The big mounted bull elephant at the Field Museum is 10 feet tall at the shoulder and weighed 6 tons in life. Note Mike for scale on the lower right. He and the elephant are about equidistant from the camera, so he should make a roughly accurate scale bar. Photo from our visit in 2005!

* Two further notes: first, I have roughly a zillion awesome photos from that 2016 visit to the Museum of Osteology, both of the specimens and of Tyler and me measuring them – not having posted them yet is one of the things I was whingeing about in the post that kicked off our return-to-weekly-posting thing this year. And second, I owe a belated and public thanks to the folks at the Museum of Osteology for accommodating Tyler and me.
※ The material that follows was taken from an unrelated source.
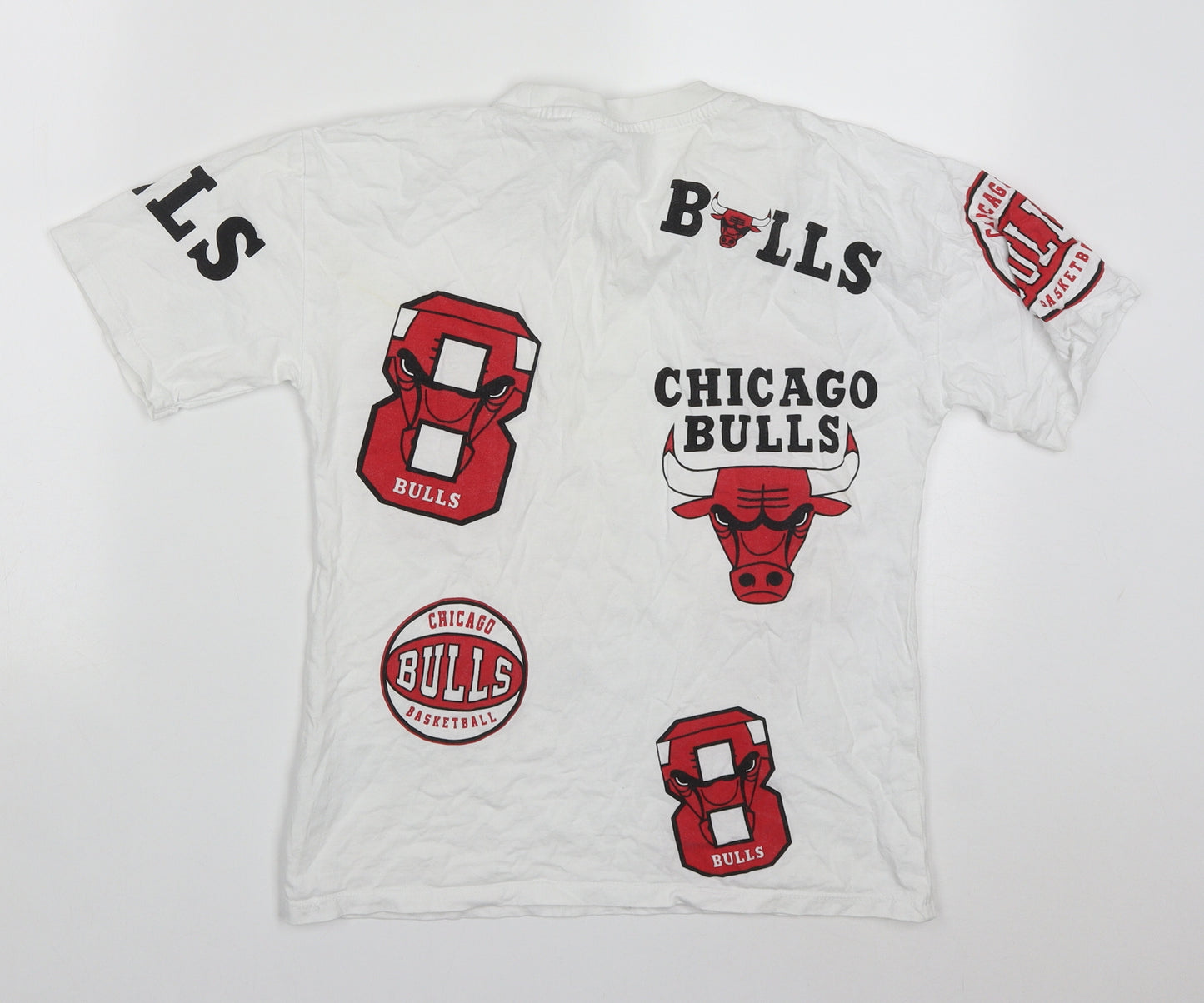 Primark Boys White  Cotton Basic T-Shirt Size 10-11 Years Crew Neck Pullover - NBA Bulls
They helped us with ladders and so on and basically gave us free rein to play with collect data from their mounted skeletons, which was incredibly generous and helpful, and fortunately reflects the pro-research and pro-researcher attitude of most museums.

Which dinos had four-foot femora?

As for what kind of dinosaur a four-foot femur could have come from, we can rapidly narrow it down to a handful of clades: sauropods, ornithopods, theropods, and stegosaurs.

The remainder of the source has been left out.